ROBERT SIEGEL, host:
Here's a blast from the past, which may have a theatrical future.
"Little House on the Prairie," the musical, officially opens tonight in Minneapolis. Ticket sales for previews have been so strong that the Minneapolis run has already been extended by two weeks.
And that has led to speculation about "Little House" going to Broadway, as Minnesota Public Radio's Euen Carr reports.
EUEN CARR: "Little House on the Prairie," the musical, has a lot going for it. It's based on the series of books by Laura Ingalls Wilder, which has sold 50 to 60 million copies worldwide since the first book was published in 1932.
The musical also follows the popular TV series, which ran on NBC for nine years and is still in syndication. And the musical has got Ma and Pa Ingalls, along with their daughters Mary, Laura and Carrie getting ready to head west on a great adventure.
Unidentified Woman #1: Then we got to leave while we still have good weather.
(Soundbite of cheering)
(Soundbite of musical, "Little House on the Prairie")
Unidentified Woman #2: (Singing) (Unintelligible)
Unidentified Group: (Singing) Bring our favorite butter churn. (Unintelligible).
Ms. FRANCESCA ZAMBELLO (Director, "Little House on the Prairie" the musical): We have the story, we have the tune, we have dance, we have humor, we have love, we have all those things that I think are the ingredients that you want in a musical.
CARR: "Little House on the Prairie" director Francesca Zambello should know a hot property. She's a celebrated opera director who has won awards all over the world. She's also responsible for the production of Disney's "The Little Mermaid," which has been a popular, if not critical, success since it opened on Broadway in January.
In Minneapolis, a record number of people bought tickets to "Little House" the day they went on sale. And according to a Guthrie Theater survey, more than half said they had never been to a Guthrie show before.
Ms. ZAMBELLO: The advantage is, of course, many people know the characters, and the disadvantage is the same thing - the people who know the characters think maybe they know them better than anybody else.
CARR: Sensitive to the intense loyalty of "Little House" fans, Zambello assembled an all-star creative team to tell the Ingalls' family story. There's Oscar-winning composer Rachel Portman. Tony Award-winner Rachel Sheinkin wrote the book. And Donna DiNovelli did the lyrics.
Some of the songs there are what you might expect. Others are funny, such as when Laura meets the fearsomely snooty Nellie Oleson on the first day of school.
(Soundbite of musical, "Little House on the Prairie")
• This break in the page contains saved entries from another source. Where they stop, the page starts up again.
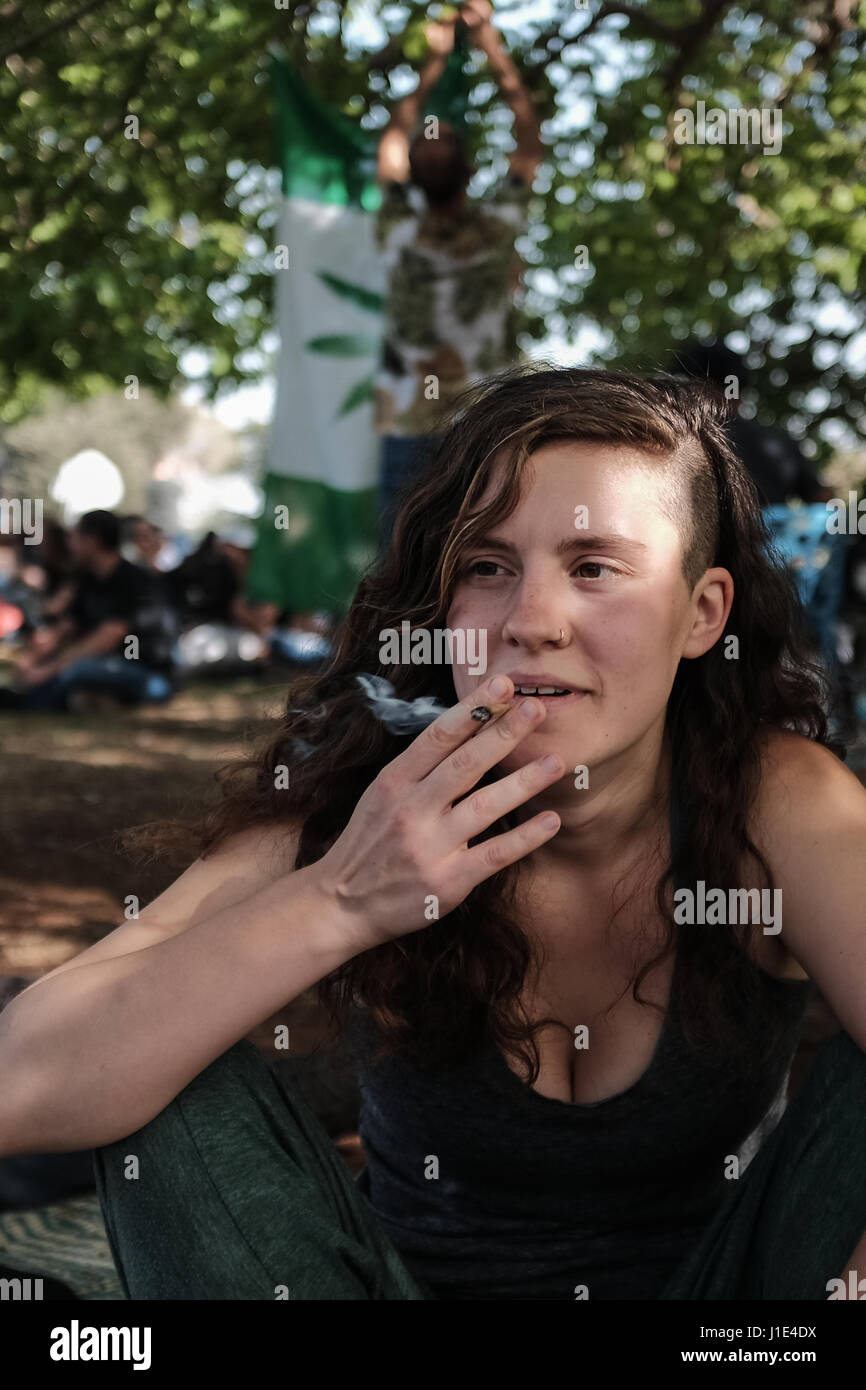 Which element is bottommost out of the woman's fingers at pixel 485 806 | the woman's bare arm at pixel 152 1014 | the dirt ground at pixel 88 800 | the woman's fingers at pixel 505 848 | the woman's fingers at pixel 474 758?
the woman's bare arm at pixel 152 1014

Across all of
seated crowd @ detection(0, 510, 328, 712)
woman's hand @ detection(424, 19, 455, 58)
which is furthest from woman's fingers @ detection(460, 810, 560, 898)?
seated crowd @ detection(0, 510, 328, 712)

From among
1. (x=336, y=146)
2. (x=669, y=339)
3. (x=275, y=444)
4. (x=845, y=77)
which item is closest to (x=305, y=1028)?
(x=275, y=444)

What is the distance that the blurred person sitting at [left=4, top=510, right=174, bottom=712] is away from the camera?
10227 millimetres

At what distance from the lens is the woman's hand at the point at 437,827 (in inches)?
70.3

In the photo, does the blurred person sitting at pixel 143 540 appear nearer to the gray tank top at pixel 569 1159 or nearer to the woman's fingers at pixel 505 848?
the gray tank top at pixel 569 1159

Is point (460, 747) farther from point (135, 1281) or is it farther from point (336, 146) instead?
point (336, 146)

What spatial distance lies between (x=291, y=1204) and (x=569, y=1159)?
16.8 inches

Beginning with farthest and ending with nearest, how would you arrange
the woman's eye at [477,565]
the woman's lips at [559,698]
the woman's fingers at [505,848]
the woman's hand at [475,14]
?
the woman's hand at [475,14], the woman's eye at [477,565], the woman's lips at [559,698], the woman's fingers at [505,848]

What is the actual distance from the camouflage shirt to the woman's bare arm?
408 centimetres

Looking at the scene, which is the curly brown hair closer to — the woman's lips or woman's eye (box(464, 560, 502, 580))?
woman's eye (box(464, 560, 502, 580))

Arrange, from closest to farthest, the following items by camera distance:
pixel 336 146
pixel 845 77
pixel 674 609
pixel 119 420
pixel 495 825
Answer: pixel 674 609
pixel 495 825
pixel 336 146
pixel 845 77
pixel 119 420

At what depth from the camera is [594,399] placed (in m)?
2.11

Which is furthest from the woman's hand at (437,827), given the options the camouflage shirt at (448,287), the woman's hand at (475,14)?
the woman's hand at (475,14)

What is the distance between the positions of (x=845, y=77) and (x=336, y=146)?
270 centimetres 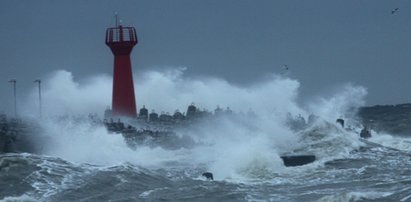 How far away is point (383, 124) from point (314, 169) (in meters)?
22.3

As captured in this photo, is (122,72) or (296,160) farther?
(122,72)

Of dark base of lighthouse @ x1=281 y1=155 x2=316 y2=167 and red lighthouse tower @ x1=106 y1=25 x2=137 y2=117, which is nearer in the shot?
dark base of lighthouse @ x1=281 y1=155 x2=316 y2=167

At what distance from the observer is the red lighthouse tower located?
40.5 meters

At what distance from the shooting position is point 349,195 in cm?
1759

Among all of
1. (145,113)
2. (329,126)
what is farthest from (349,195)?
(145,113)

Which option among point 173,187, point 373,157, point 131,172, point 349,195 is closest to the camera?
point 349,195

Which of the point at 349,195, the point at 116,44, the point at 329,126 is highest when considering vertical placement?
the point at 116,44

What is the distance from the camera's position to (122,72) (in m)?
40.7

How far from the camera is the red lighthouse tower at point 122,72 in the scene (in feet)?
133

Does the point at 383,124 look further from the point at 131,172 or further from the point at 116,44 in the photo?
the point at 131,172

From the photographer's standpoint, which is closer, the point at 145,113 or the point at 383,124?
the point at 383,124

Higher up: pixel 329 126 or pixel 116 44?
pixel 116 44

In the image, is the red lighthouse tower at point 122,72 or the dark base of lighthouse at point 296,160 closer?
the dark base of lighthouse at point 296,160

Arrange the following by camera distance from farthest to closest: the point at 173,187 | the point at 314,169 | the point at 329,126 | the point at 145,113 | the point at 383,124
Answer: the point at 145,113, the point at 383,124, the point at 329,126, the point at 314,169, the point at 173,187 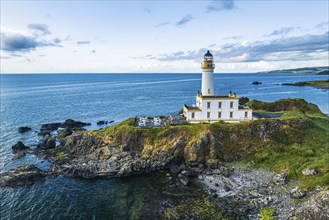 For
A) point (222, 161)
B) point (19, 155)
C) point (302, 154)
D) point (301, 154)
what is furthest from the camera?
point (19, 155)

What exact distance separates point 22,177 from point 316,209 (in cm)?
3411

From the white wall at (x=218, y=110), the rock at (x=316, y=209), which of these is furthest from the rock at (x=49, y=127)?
the rock at (x=316, y=209)

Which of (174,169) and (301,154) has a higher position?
(301,154)

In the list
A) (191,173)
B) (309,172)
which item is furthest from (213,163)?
(309,172)

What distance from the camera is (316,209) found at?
22.3 metres

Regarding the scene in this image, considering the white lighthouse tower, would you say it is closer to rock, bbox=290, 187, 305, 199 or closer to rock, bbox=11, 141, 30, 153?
rock, bbox=290, 187, 305, 199

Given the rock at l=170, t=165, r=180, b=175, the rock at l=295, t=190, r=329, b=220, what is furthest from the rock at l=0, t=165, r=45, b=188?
the rock at l=295, t=190, r=329, b=220

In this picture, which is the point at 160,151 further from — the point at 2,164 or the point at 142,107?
the point at 142,107

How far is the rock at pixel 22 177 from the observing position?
32219mm

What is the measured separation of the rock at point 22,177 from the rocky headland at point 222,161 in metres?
0.14

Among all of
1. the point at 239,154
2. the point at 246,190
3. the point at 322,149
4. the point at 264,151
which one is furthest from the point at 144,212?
the point at 322,149

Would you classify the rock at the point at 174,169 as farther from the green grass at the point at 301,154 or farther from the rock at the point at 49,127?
A: the rock at the point at 49,127

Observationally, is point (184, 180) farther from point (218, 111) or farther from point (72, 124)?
point (72, 124)

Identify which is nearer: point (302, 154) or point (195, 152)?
point (302, 154) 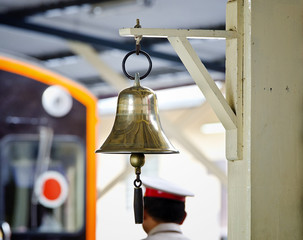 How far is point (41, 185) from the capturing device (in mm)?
5520

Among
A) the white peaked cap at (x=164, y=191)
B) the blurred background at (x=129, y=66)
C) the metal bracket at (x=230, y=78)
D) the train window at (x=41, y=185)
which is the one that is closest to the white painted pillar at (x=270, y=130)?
the metal bracket at (x=230, y=78)

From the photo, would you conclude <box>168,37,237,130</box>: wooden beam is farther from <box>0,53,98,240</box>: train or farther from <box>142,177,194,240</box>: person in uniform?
<box>0,53,98,240</box>: train

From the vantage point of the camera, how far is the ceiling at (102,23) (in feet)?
22.8

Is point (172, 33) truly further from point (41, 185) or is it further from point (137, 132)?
point (41, 185)

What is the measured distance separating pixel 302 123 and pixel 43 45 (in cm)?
635

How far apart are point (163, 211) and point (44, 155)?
165 cm

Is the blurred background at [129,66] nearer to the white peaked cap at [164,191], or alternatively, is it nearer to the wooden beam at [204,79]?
the white peaked cap at [164,191]

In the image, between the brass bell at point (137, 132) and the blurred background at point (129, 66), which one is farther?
the blurred background at point (129, 66)

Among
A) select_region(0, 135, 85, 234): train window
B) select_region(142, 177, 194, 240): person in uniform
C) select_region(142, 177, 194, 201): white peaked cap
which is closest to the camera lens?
select_region(142, 177, 194, 240): person in uniform

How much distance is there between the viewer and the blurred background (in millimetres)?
7105

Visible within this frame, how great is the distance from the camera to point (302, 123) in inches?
114

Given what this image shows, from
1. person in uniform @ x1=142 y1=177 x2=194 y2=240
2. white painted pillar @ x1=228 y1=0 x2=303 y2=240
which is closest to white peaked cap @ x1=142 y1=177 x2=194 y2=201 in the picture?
person in uniform @ x1=142 y1=177 x2=194 y2=240

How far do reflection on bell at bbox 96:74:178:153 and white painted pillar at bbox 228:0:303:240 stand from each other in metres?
0.32

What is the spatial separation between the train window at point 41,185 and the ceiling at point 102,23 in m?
0.67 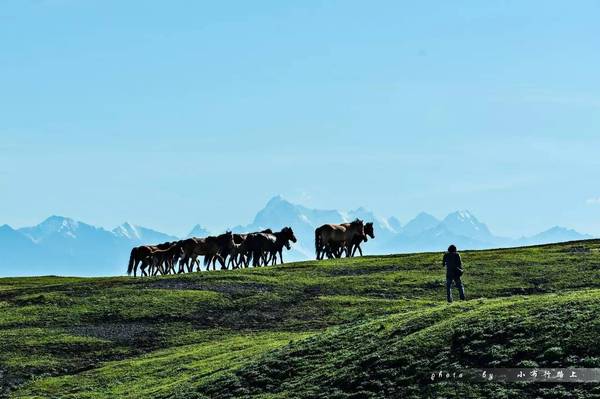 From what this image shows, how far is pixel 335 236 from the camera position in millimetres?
95125

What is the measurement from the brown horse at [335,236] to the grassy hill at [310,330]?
412 inches

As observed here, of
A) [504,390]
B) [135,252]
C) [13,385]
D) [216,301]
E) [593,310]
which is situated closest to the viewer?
[504,390]

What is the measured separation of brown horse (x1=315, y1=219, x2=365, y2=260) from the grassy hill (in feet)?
34.3

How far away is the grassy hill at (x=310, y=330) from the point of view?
34.3 meters

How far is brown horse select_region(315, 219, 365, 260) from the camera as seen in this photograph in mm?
94875

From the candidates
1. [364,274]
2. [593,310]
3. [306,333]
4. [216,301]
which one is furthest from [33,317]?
[593,310]

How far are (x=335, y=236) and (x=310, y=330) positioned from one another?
4256 centimetres

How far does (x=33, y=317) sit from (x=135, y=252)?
30.8m

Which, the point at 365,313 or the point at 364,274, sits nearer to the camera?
the point at 365,313

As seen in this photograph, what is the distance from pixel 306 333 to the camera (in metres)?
51.3

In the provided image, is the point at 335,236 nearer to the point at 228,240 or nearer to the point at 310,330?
the point at 228,240

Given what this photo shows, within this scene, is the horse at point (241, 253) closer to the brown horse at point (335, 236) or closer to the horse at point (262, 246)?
the horse at point (262, 246)

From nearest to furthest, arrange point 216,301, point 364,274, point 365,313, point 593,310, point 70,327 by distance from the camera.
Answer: point 593,310
point 365,313
point 70,327
point 216,301
point 364,274

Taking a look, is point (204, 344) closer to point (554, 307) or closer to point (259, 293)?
point (259, 293) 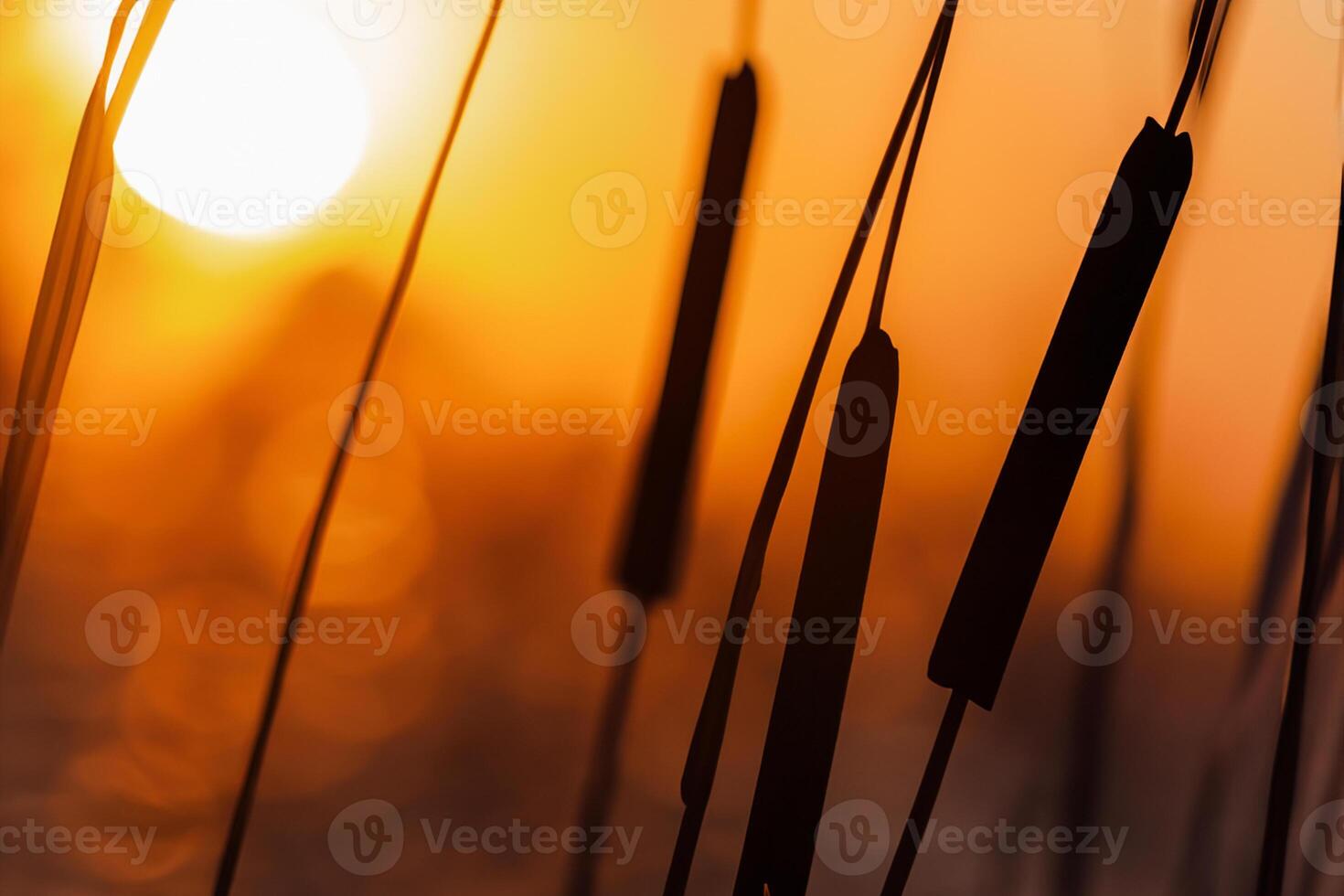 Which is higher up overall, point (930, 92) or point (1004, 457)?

Unidentified Woman (as Nellie Oleson): (Singing) I smell some pain. I feel (unintelligible). At the start of the year and we're shiny and new, I will overlook your look since it's your debut.
CARR: Given its early success, there's been a lot of talk of "Little House" on Broadway. New York producer Ben Sprecher has invested almost $2 million in the show. But Francesca Zambello says she and her crew are just trying to get through the Minneapolis run.
Ms. ZAMBELLO: I honestly think it's too early to tell. We're only in previews. It's still an enigma what will happen to this afterwards.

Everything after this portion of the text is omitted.